Re: [PATCH v1 1/2] open: add close_range()

Christian Brauner <christian@xxxxxxxxxx> · Fri, 24 May 2019 12:31:39 +0200

On Thu, May 23, 2019 at 07:22:17PM +0300, Konstantin Khlebnikov wrote:
On 22.05.2019 18:52, Christian Brauner wrote:> This adds the close_range() syscall. It allows to efficiently close a range
of file descriptors up to all file descriptors of a calling task.

The syscall came up in a recent discussion around the new mount API and
making new file descriptor types cloexec by default. During this
discussion, Al suggested the close_range() syscall (cf. [1]). Note, a
syscall in this manner has been requested by various people over time.

First, it helps to close all file descriptors of an exec()ing task. This
can be done safely via (quoting Al's example from [1] verbatim):

         /* that exec is sensitive */
         unshare(CLONE_FILES);
         /* we don't want anything past stderr here */
         close_range(3, ~0U);
         execve(....);

The code snippet above is one way of working around the problem that file
descriptors are not cloexec by default. This is aggravated by the fact that
we can't just switch them over without massively regressing userspace. For
a whole class of programs having an in-kernel method of closing all file
descriptors is very helpful (e.g. demons, service managers, programming
language standard libraries, container managers etc.).
(Please note, unshare(CLONE_FILES) should only be needed if the calling
  task is multi-threaded and shares the file descriptor table with another
  thread in which case two threads could race with one thread allocating
  file descriptors and the other one closing them via close_range(). For the
  general case close_range() before the execve() is sufficient.)

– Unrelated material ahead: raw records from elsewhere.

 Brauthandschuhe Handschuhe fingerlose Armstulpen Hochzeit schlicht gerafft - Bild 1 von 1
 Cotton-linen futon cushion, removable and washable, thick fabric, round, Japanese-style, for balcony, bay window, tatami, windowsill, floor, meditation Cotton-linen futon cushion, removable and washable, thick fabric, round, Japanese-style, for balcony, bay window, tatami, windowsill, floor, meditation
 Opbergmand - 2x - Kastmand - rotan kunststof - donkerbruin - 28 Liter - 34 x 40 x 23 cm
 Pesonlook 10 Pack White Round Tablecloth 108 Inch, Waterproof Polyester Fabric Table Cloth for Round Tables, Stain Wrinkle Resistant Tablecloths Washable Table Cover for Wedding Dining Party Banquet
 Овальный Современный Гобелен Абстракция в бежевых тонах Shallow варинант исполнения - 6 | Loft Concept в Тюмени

Second, it allows userspace to avoid implementing closing all file
descriptors by parsing through /proc/<pid>/fd/* and calling close() on each
file descriptor. From looking at various large(ish) userspace code bases
this or similar patterns are very common in:
- service managers (cf. [4])
- libcs (cf. [6])
- container runtimes (cf. [5])
- programming language runtimes/standard libraries
   - Python (cf. [2])
   - Rust (cf. [7], [8])
As Dmitry pointed out there's even a long-standing glibc bug about missing
kernel support for this task (cf. [3]).
In addition, the syscall will also work for tasks that do not have procfs
mounted and on kernels that do not have procfs support compiled in. In such
situations the only way to make sure that all file descriptors are closed
is to call close() on each file descriptor up to UINT_MAX or RLIMIT_NOFILE,
OPEN_MAX trickery (cf. comment [8] on Rust).

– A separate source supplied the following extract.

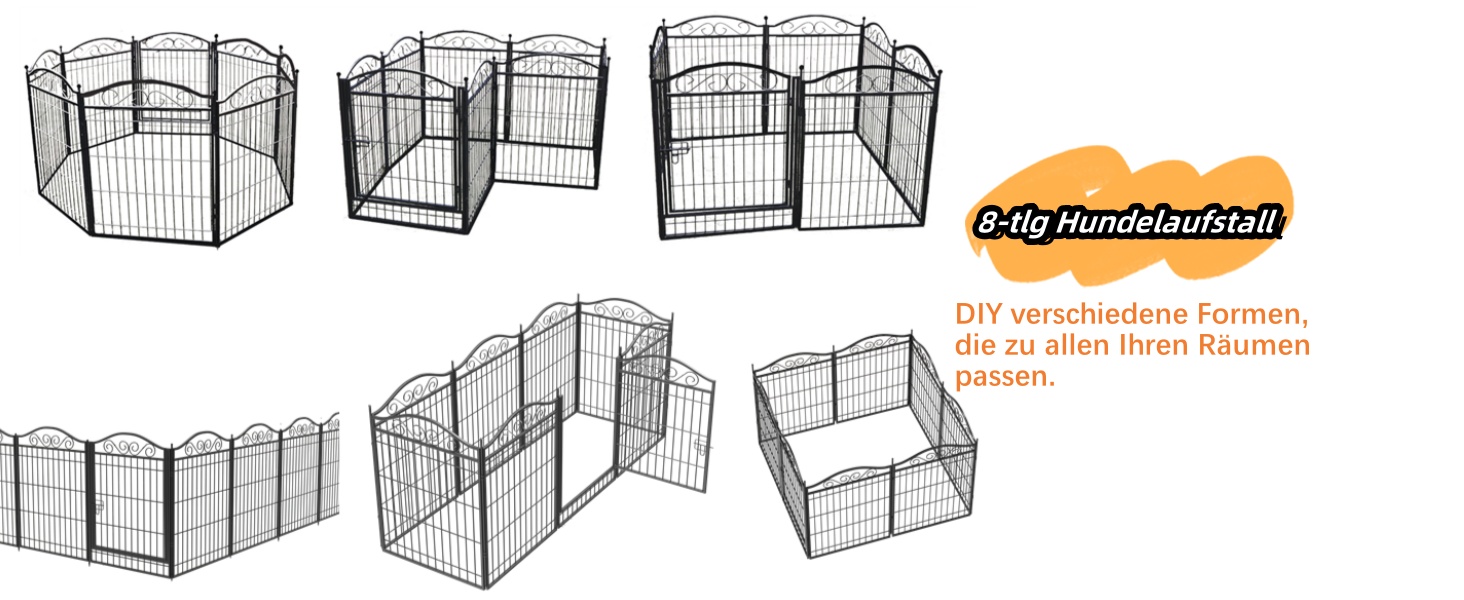 Летіжне полотно BingoPaw XXL для цуценят: міцний металевий забіг для собак, кроликів, котів, хом'яків (8 частин, 80 см)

The performance is striking. For good measure, comparing the following
simple close_all_fds() userspace implementation that is essentially just
glibc's version in [6]:

static int close_all_fds(void)
{
         int dir_fd;
         DIR *dir;
         struct dirent *direntp;

         dir = opendir("/proc/self/fd");
         if (!dir)
                 return -1;
         dir_fd = dirfd(dir);
         while ((direntp = readdir(dir))) {
                 int fd;
                 if (strcmp(direntp->d_name, ".") == 0)
                         continue;
                 if (strcmp(direntp->d_name, "..") == 0)
                         continue;
                 fd = atoi(direntp->d_name);
                 if (fd == dir_fd || fd == 0 || fd == 1 || fd == 2)
                         continue;
                 close(fd);
         }
         closedir(dir);
         return 0;
}

to close_range() yields:
1. closing 4 open files:
    - close_all_fds(): ~280 us
    - close_range():    ~24 us

2. closing 1000 open files:
    - close_all_fds(): ~5000 us
    - close_range():   ~800 us

close_range() is designed to allow for some flexibility. Specifically, it
does not simply always close all open file descriptors of a task. Instead,
callers can specify an upper bound.
This is e.g. useful for scenarios where specific file descriptors are
created with well-known numbers that are supposed to be excluded from
getting closed.
For extra paranoia close_range() comes with a flags argument. This can e.g.
be used to implement extension. Once can imagine userspace wanting to stop
at the first error instead of ignoring errors under certain circumstances.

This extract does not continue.